THE MORNING AFTER

November 9, 2011 § Leave a comment

As is always the case the morning after an election, I awake to discover that I won some and lost some. I”m sure your experience is pretty much the same.

Overall, though, I’m pleased that we once again came together in this ancient civic ritual of our republic and peaceably renewed our government through the ballot, resolving our differences via democracy.

Cynics will argue that I am wrong, that special interests, plutocrats and autocrats actually govern, and that electoral democracy is a chimera designed to placate the masses. As with all overstatements, there is a kernel of unfortunate truth in that, but even the most hardshell cynic can not deny that we did get to vote, and our votes counted.

Some years ago when I campaigned for the judgeship I now hold, I was astonished at the number of people who told me that they would be happy to vote for me if they were registered to vote, but they weren’t registered because they did not want to bother with jury duty.

Think about it. They are shirking the two core privileges/responsibilities of a citizen in a democracy: the right to vote, and the right to a jury of one’s peers. This is mind-boggling to me. Some of these are the very same people who wave the flag, act like patriots, and criticize politics and politicians with whom they disagree. These are some of the same people who welcome back our troops from conflicts afar and forward partisan emails about supporting our troops.

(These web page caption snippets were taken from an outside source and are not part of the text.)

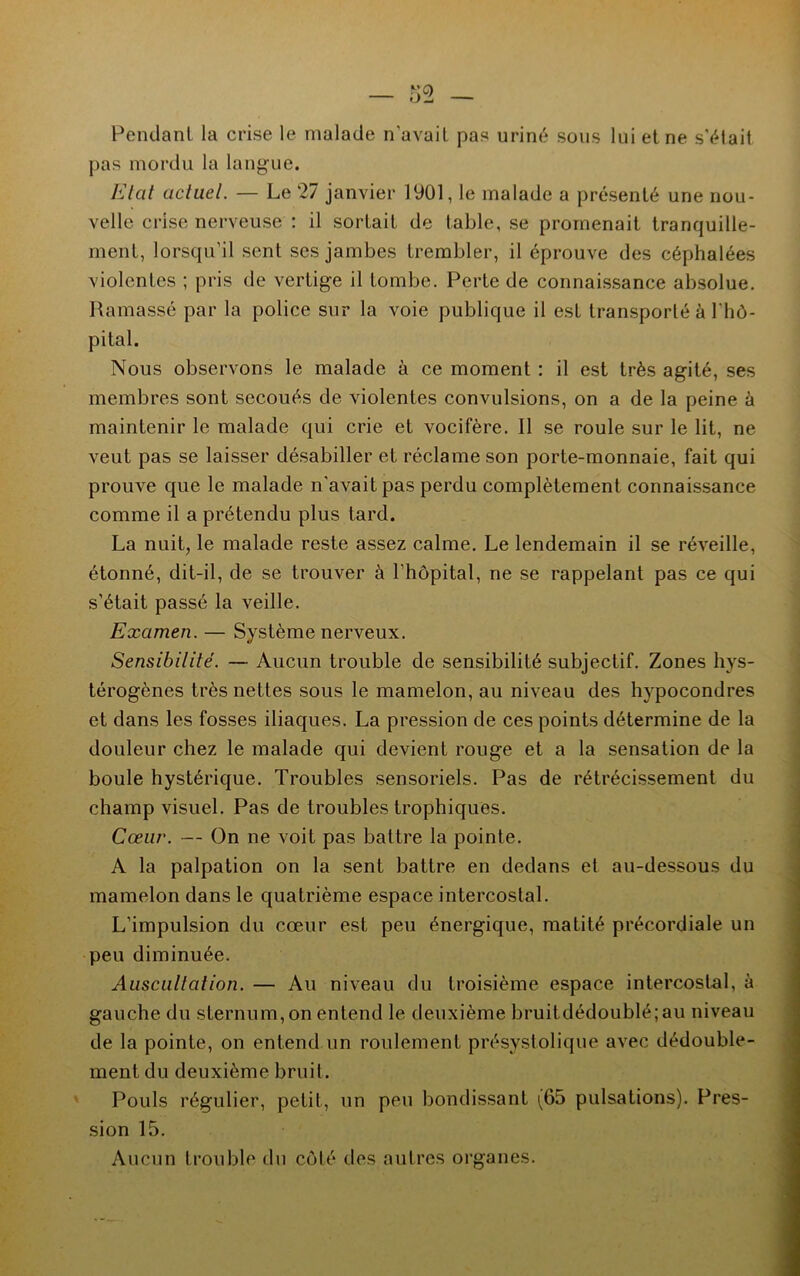 Pendant la crise le malade n’avait pas uriné sous lui et ne s'élait pas mordu la langue. Etat actuel. — Le 27 janvier 1901, le malade a présenté une nou- velle crise nerveuse : il sortait de table, se promenait tranquille- ment, lorsqu’il sent ses jambes trembler, il éprouve des céphalées violentes ; pris de vertige il tombe. Perte de connaissance absolue. Ramassé par la police sur la voie publique il est transporté à l'hô- pital. Nous observons le malade à ce moment : il est très agité, ses membres sont secoués de violentes convulsions, on a de la peine ù maintenir le malade qui crie et vocifère. 11 se roule sur le lit, ne veut pas se laisser désabiller et réclame son porte-monnaie, fait qui prouve que le malade n'avait pas perdu complètement connaissance comme il a prétendu plus tard. La nuit, le malade reste assez calme. Le lendemain il se réveille, étonné, dit-il, de se trouver à l’hôpital, ne se rappelant pas ce qui s’était passé la veille. Examen. — Système nerveux. Sensibilité. — Aucun trouble de sensibilité subjectif. Zones hys- térogènes très nettes sous le mamelon, au niveau des hypocondres et dans les fosses iliaques. La pression de ces points détermine de la douleur chez le malade qui devient rouge et a la sensation de la boule hystérique. Troubles sensoriels. Pas de rétrécissement du champ visuel. Pas de troubles trophiques. Cœur. — On ne voit pas battre la pointe. A la palpation on la sent battre en dedans et au-dessous du mamelon dans le quatrième espace intercostal. L’impulsion du cœur est peu énergique, matité précordiale un peu diminuée. Auscultation. — Au niveau du troisième espace intercostal, à gauche du sternum, on entend le deuxième bruitdédoublé;au niveau de la pointe, on entend un roulement présystolique avec dédouble- ment du deuxième bruit. Pouls régulier, petit, un peu bondissant (65 pulsations). Pres- sion 15. Aucun (rouble du côté des autres organes.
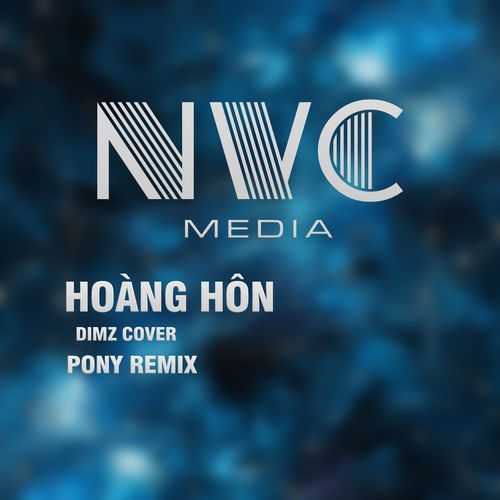 Hoàng Hôn - Dimz Ft Pony Remix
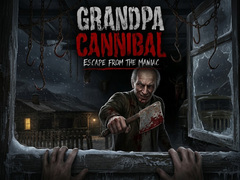 Ойын Grandpa Cannibal: Escape from the Maniac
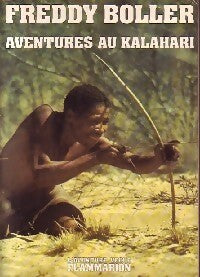 Livrenpoche : Aventures au Kalahari - Freddy Boller - Livre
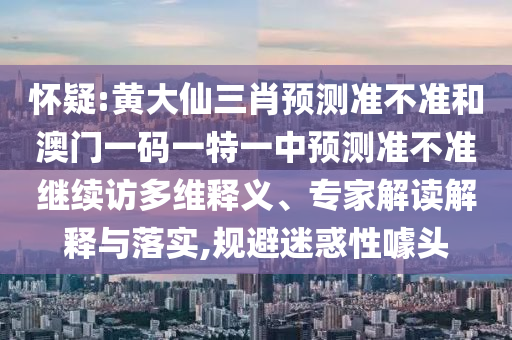 懷疑:黃大仙三肖預(yù)測準(zhǔn)不準(zhǔn)和澳門一碼一特一中預(yù)測準(zhǔn)不準(zhǔn)繼續(xù)訪多維釋義、專家解讀解釋與落實(shí),規(guī)避迷惑性噱頭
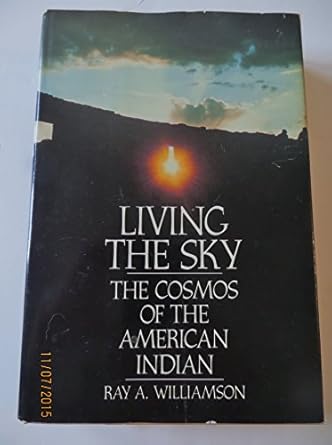 living the sky the cosmos of the american indian 1st edition ray a williamson 0395354145, 978-0395354148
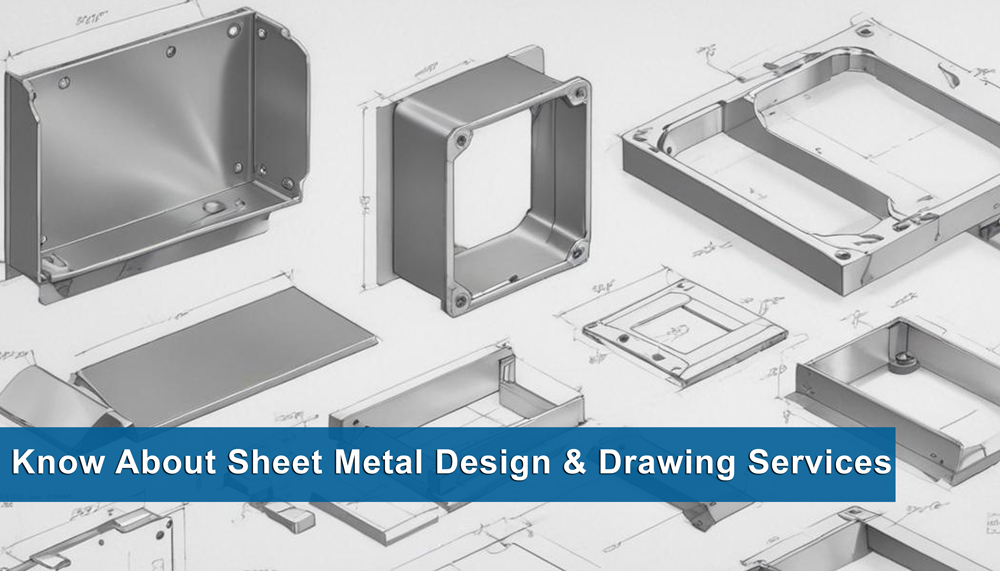 All You Need to Know About Sheet Metal Design and Drawing Services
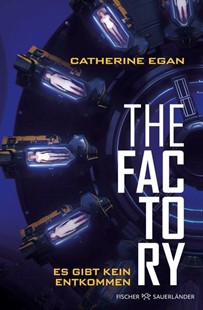Bild von Egan, Catherine: The Factory - Es gibt kein Entkommen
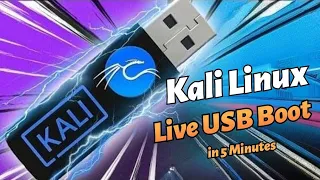 Kali Linux USB Live Boot in 5 minutes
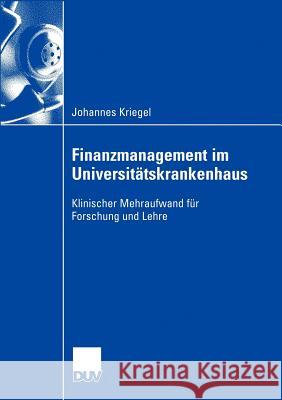 Finanzmanagement Im Universitätskrankenhaus: Klinischer Mehraufwand Für Forschung Und Lehre Güntert, Prof Dr Bernhard 9783835002036 Deutscher Universitats Verlag - książka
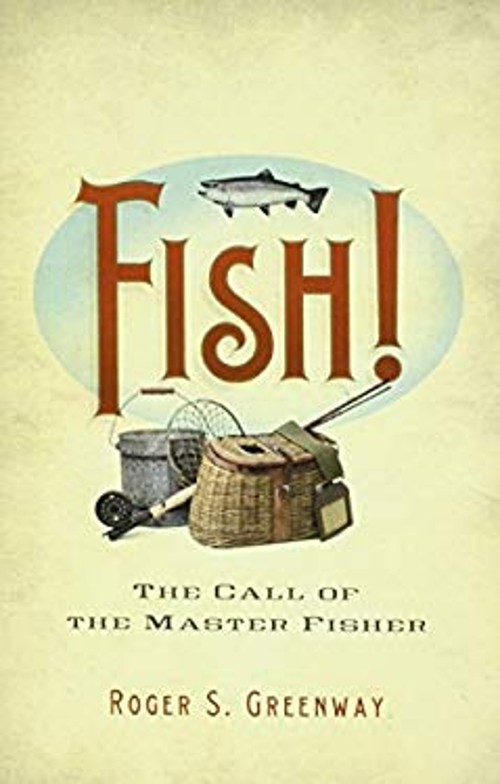 Fish: The Call of the Master Fisher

I don’t know about you, but I don’t think of those people as fellow citizens. They are, I hope, fellow taxpayers, and they are fellow occupants of space on this continent, but citizens? No. They are not supporters of our military. They are parasites sponging off of the blood and sacrifice of all who truly valued our freedom and sacrificed their lives, their fortunes and their sacred honor to preserve it.

Lawyers have traditionally had a special role to play as guardians of our democratic ways. They have been looked to as leaders, policy makers, defenders of those whose rights are threatened, and active in the political arena. That role has been blunted, in my opinion, over the past 25 or so years by one party that has vilified lawyers and cynically attacked their legitimate role in society, as well as by lawyers themselves, who have increasingly become shopkeepers interested more in a safe profile and the bottom line. That’s a pity — if my opinion is accurate. If you disagree, feel free to comment.

So to those of you who exercised the grandest privilege of your liberty yesterday and voted, I tip my hat to you and embrace you as my fellow citizen. We may not have voted the same way, but we made our voices — however small — heard.

And to those of you lawyers who are hunkered down with your bottom line, I urge you to do yourselves and your embattled profession a favor by sticking your head up out of the trenches, look about you at the surrounding landscape, roll up your sleeves, and lead. Critics be damned.